Throw down the stats and let the grandest stage of them all answer the perpetual debate.....

Ronaldo tore Spain asunder while Lionel Messi missed the 24th penalty of his career. There will never be an argument to convince me that Messi isn’t the best player of all time, but is there a difference between pure ability and greatness? You’re seeing it play out. Again.

Any side winning that many Champions Leagues in such a sport space of time is unthinkable given all the money floating around the top sides in Europe. A nation like Portugal, with all due respect, shouldn’t be winning Euro 2016.

Spain completely outclassed Portugal on the pitch in terms of style and approach – but what exactly does that matter? Very little it seems, when the projected outcome would obstruct Ronaldo from meeting eternal adoration.

These are not coincidences. He’s one of two players that can grab a game by the scruff of the neck and completely change its course. Messi is the other, but the best technical player that the footballing gods have ever given us is hilariously foiled by the far-less-likeable egotistical perfectionist that is the self-branded CR7, and all the constructed ability that comes with his obsession.

For a long time we’ve craved a difference maker between the sides and this could be the one that people speak about in 50 years. ‘Remember the 2018 World Cup? Argentina had the strongest squad they’ve had in over 20 years, while Portugal had ten farmers and a chiselled-Christ-like-out-of-position centre forward.’ From first impressions, Ronaldo’s in far better position to make a run at edging out his rival.

Audiences wouldn’t have been convinced Messi was burying that penalty, despite his technical prowess. Did that same doubt hang over Ronaldo’s spot kick against the best goalkeeper in the world? Absolutely not. Why?
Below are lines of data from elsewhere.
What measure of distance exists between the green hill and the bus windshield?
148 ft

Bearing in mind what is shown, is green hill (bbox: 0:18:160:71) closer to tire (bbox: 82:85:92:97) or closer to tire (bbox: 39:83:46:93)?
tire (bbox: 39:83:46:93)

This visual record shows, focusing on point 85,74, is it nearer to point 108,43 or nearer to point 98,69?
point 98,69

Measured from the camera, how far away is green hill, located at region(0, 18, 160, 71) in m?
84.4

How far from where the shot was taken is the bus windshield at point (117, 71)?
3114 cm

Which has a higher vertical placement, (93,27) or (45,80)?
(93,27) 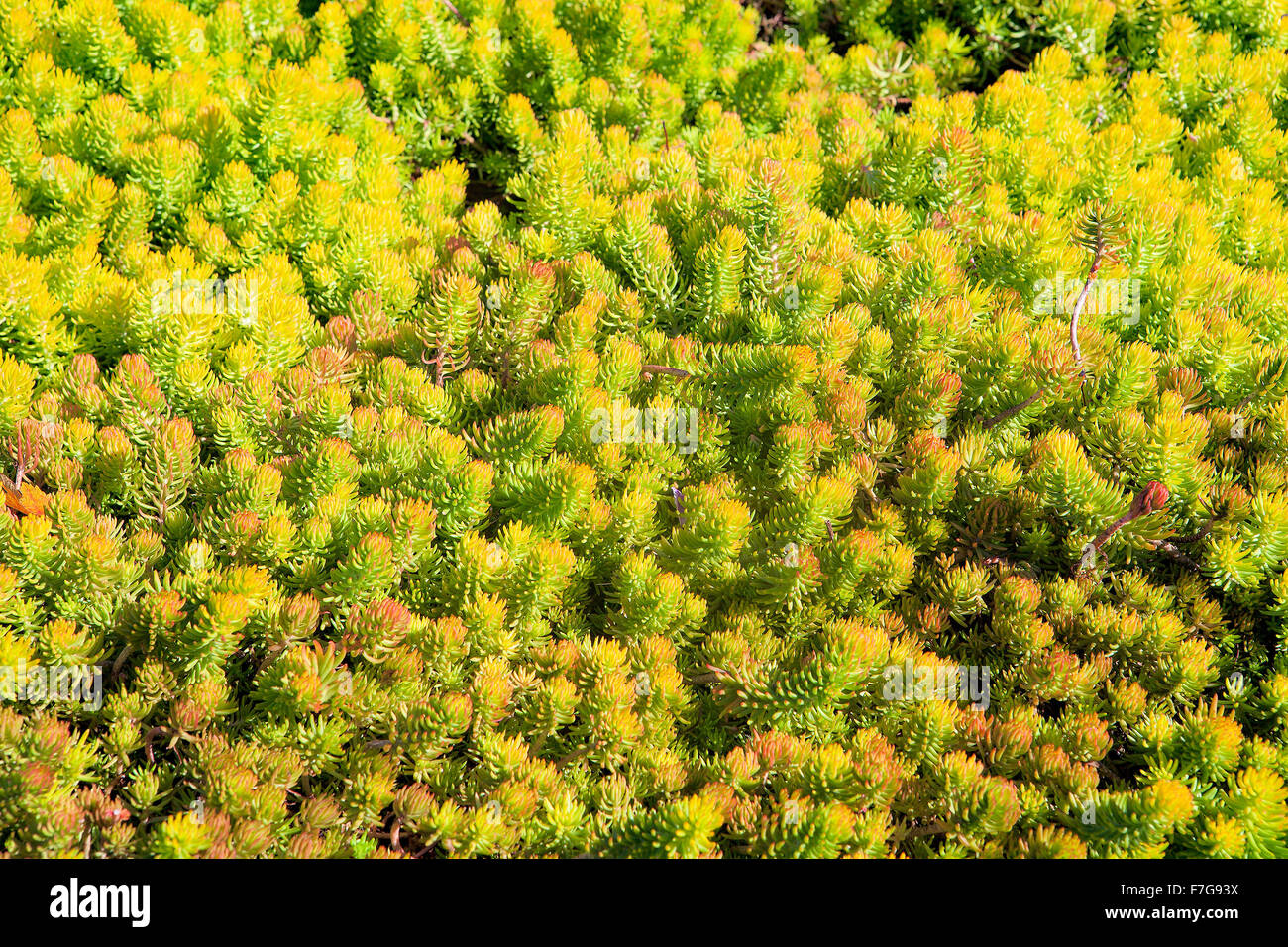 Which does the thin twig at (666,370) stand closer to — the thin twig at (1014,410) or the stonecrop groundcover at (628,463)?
the stonecrop groundcover at (628,463)

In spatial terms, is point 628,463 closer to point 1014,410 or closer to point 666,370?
point 666,370

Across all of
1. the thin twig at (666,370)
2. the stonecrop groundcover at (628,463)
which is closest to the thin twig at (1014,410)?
the stonecrop groundcover at (628,463)

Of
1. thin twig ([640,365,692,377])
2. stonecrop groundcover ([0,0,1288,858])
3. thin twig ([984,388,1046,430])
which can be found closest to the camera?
stonecrop groundcover ([0,0,1288,858])

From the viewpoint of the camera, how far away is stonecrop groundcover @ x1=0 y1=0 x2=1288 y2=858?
2.08m

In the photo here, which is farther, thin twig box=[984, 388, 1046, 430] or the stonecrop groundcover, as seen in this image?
thin twig box=[984, 388, 1046, 430]

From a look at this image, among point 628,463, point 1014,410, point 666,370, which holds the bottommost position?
point 628,463

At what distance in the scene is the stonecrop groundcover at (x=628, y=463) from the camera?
208 centimetres

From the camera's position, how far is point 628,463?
2666mm

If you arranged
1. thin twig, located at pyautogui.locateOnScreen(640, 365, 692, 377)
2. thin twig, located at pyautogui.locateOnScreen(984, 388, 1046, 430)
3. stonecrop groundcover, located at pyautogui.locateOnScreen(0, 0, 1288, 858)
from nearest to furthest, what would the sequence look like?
stonecrop groundcover, located at pyautogui.locateOnScreen(0, 0, 1288, 858)
thin twig, located at pyautogui.locateOnScreen(984, 388, 1046, 430)
thin twig, located at pyautogui.locateOnScreen(640, 365, 692, 377)

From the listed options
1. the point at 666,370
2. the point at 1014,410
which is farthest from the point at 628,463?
the point at 1014,410

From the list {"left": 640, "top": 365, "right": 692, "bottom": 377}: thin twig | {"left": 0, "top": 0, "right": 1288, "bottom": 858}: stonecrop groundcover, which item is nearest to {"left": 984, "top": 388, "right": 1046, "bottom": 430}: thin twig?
{"left": 0, "top": 0, "right": 1288, "bottom": 858}: stonecrop groundcover

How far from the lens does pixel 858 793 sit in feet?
6.73

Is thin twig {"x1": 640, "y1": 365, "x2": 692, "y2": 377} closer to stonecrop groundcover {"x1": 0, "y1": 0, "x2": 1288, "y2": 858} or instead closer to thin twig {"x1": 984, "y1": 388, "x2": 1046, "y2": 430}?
stonecrop groundcover {"x1": 0, "y1": 0, "x2": 1288, "y2": 858} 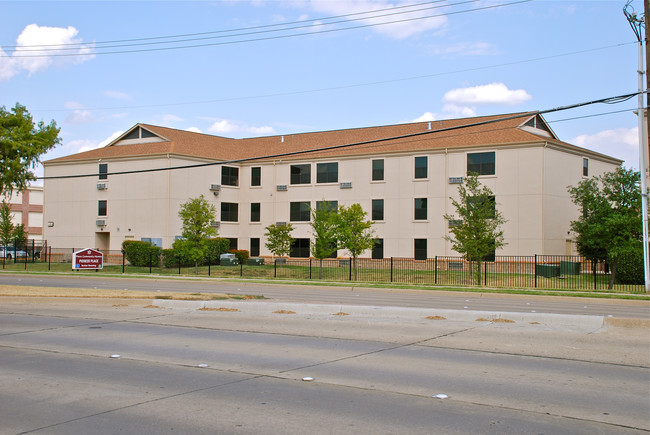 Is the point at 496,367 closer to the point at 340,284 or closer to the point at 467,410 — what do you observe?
the point at 467,410

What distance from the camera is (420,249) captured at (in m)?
44.8

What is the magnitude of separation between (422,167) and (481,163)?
4.43 meters

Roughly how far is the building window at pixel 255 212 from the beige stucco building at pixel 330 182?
Result: 0.09m

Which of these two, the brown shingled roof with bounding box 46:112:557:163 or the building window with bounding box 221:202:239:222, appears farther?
the building window with bounding box 221:202:239:222

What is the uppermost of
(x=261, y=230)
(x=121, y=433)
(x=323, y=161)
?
(x=323, y=161)

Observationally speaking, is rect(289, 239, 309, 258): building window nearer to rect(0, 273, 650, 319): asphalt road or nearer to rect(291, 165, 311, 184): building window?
rect(291, 165, 311, 184): building window

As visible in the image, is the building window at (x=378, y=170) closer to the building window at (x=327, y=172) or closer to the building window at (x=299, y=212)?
the building window at (x=327, y=172)

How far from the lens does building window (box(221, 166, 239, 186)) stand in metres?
51.8

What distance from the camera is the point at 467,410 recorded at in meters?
6.82

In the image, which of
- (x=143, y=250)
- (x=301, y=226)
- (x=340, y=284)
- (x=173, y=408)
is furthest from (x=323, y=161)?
(x=173, y=408)

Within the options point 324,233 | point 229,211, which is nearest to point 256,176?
point 229,211

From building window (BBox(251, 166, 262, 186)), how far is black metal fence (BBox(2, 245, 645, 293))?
706cm

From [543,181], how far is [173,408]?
1473 inches

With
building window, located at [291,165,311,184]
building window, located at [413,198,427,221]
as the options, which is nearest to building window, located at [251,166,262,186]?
building window, located at [291,165,311,184] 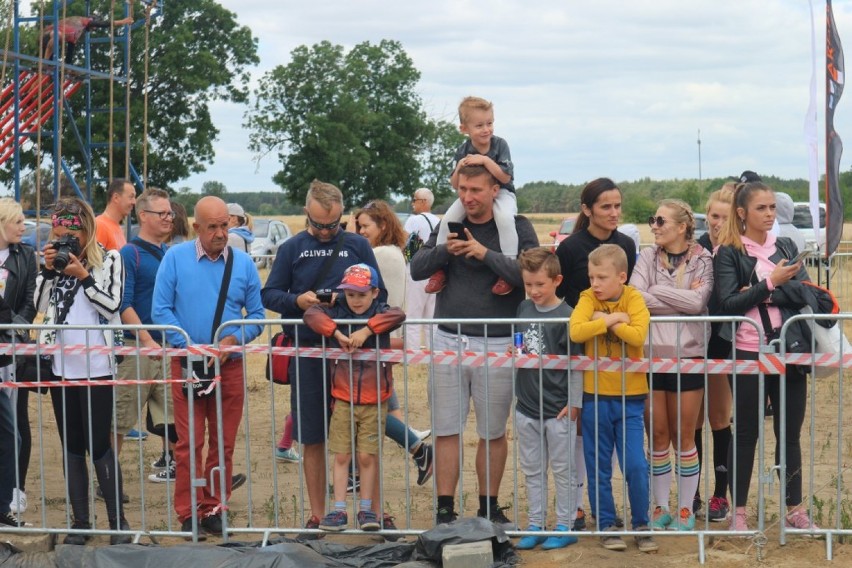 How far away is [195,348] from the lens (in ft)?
20.2

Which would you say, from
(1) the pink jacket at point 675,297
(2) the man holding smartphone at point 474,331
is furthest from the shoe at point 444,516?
(1) the pink jacket at point 675,297

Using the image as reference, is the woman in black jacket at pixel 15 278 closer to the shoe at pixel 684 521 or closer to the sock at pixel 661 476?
the sock at pixel 661 476

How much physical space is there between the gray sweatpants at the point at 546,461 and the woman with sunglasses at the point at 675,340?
1.56ft

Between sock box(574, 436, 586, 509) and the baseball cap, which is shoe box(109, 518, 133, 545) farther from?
sock box(574, 436, 586, 509)

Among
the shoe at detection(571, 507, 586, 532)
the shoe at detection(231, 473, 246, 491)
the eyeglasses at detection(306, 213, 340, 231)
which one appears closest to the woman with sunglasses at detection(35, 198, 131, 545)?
the shoe at detection(231, 473, 246, 491)

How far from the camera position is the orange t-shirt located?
7.80m

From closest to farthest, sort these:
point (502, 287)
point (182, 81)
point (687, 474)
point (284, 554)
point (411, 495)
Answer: point (284, 554), point (502, 287), point (687, 474), point (411, 495), point (182, 81)

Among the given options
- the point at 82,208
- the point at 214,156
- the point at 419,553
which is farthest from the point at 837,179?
the point at 214,156

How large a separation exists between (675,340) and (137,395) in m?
3.19

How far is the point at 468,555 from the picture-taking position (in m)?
5.53

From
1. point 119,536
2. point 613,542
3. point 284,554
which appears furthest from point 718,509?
point 119,536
Not because he’s better from twelve yards, even though, by 10% conversion rate, he is – but also because he’s calmness personified.

For all Messi’s clear brilliance, it’s almost like his own humble nature that endears him to so many people holds him back, while the cockiness of a downright pr*ck extends a legacy beyond the niceties associated with the ‘best’ player we’ve ever seen.
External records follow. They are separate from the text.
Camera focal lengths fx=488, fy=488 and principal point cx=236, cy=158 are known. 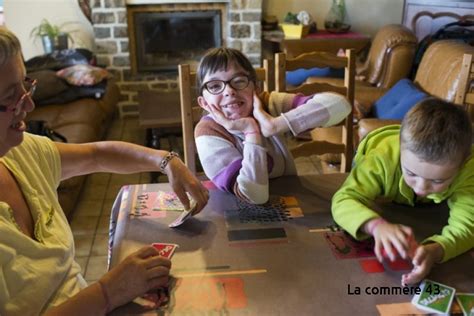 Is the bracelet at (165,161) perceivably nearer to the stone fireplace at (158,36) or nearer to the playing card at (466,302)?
Result: the playing card at (466,302)

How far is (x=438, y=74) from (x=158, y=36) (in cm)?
276

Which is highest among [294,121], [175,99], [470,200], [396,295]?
[294,121]

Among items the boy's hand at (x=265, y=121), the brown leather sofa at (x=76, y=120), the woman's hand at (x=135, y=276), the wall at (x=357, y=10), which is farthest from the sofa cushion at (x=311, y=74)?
the woman's hand at (x=135, y=276)

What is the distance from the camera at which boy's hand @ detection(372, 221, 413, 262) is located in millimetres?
1010

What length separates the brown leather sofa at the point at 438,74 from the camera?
9.40 feet

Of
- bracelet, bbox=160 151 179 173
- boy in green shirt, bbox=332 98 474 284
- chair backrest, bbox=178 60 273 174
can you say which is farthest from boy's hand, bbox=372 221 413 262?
chair backrest, bbox=178 60 273 174

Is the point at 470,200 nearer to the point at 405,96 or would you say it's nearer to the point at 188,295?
the point at 188,295

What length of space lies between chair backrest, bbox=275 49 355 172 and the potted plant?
10.9 feet

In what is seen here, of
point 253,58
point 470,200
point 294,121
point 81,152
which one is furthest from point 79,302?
point 253,58

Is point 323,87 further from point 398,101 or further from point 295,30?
point 295,30

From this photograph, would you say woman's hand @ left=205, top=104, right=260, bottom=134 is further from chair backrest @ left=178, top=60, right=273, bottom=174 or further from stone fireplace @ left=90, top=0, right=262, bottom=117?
stone fireplace @ left=90, top=0, right=262, bottom=117

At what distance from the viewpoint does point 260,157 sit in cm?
131

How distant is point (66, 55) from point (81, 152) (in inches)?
130

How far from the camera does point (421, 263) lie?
1011mm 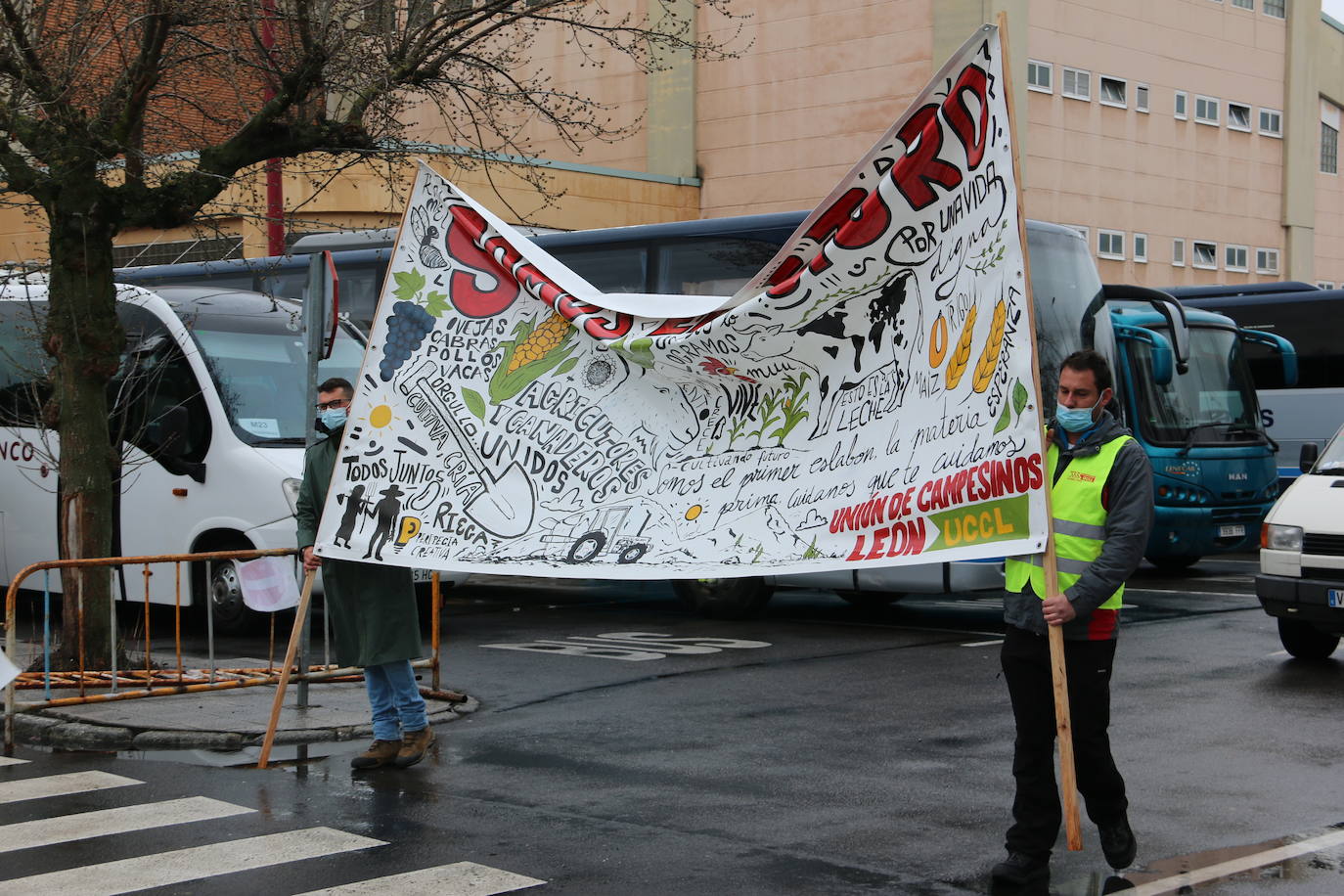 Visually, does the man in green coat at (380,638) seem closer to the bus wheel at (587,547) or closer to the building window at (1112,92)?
the bus wheel at (587,547)

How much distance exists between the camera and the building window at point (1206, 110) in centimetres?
4319

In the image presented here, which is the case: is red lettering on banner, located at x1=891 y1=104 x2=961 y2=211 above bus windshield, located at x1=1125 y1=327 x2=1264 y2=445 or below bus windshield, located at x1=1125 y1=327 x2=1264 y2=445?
above

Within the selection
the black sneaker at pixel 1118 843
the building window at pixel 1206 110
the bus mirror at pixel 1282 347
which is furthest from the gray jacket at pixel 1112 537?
the building window at pixel 1206 110

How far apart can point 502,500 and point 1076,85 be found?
112ft

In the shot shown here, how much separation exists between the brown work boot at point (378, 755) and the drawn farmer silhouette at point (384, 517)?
965 mm

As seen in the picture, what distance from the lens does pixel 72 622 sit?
11008 mm

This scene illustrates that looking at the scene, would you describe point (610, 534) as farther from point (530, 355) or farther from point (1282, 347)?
point (1282, 347)

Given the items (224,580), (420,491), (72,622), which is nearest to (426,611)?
(224,580)

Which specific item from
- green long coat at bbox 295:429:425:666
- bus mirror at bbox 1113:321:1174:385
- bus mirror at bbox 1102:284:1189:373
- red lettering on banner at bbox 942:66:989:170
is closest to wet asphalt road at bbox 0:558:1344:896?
green long coat at bbox 295:429:425:666

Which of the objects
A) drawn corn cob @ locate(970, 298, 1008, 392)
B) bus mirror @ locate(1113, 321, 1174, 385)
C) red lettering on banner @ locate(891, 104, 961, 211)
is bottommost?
drawn corn cob @ locate(970, 298, 1008, 392)

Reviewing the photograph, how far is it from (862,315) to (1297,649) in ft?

It’s hard to write Portugal off, too. They were fairly much laughed at as they seamlessly progressed through the last major tournament they participated in – until they won it. An RTE commentary team spoke during their broadcast about needing a group of world class players to win a tournament.

You see, that’s not true – and that’s why it’s such a loved tournament. It maintains a status quo for seeding, but it’s a free-for-all by and large; ready to be grabbed by any nation who can lean on an individual talent.
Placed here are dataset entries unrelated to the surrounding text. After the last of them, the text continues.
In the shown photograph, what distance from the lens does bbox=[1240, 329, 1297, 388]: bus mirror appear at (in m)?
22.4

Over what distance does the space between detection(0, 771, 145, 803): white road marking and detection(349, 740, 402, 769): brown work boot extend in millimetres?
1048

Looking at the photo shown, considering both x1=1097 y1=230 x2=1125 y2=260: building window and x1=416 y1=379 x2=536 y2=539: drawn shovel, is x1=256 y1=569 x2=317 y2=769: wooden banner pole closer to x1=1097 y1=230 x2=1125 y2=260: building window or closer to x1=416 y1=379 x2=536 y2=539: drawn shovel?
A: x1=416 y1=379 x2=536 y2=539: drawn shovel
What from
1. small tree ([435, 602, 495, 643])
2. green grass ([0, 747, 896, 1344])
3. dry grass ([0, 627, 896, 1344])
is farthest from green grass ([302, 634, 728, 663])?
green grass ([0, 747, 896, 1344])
If that talent can’t be stopped, then it’s a wise approach rather than a helpless reliance. If Portugal lean on him, then he will likely produce. He has form with that. There was an inevitability about him scoring that free kick. There just was.

For footballing debates with painful amounts of subjectivity attached, sometimes it’s nice to lean on certain pillars without requiring rationale as to why we’re doing it. The World Cup is the biggest sporting competition on the planet, so maybe, just once, we can throw down the stats and let that glaring sense of inevitability versus the underlying sporting insecurity determine who’s exactly what on the grandest stage of them all.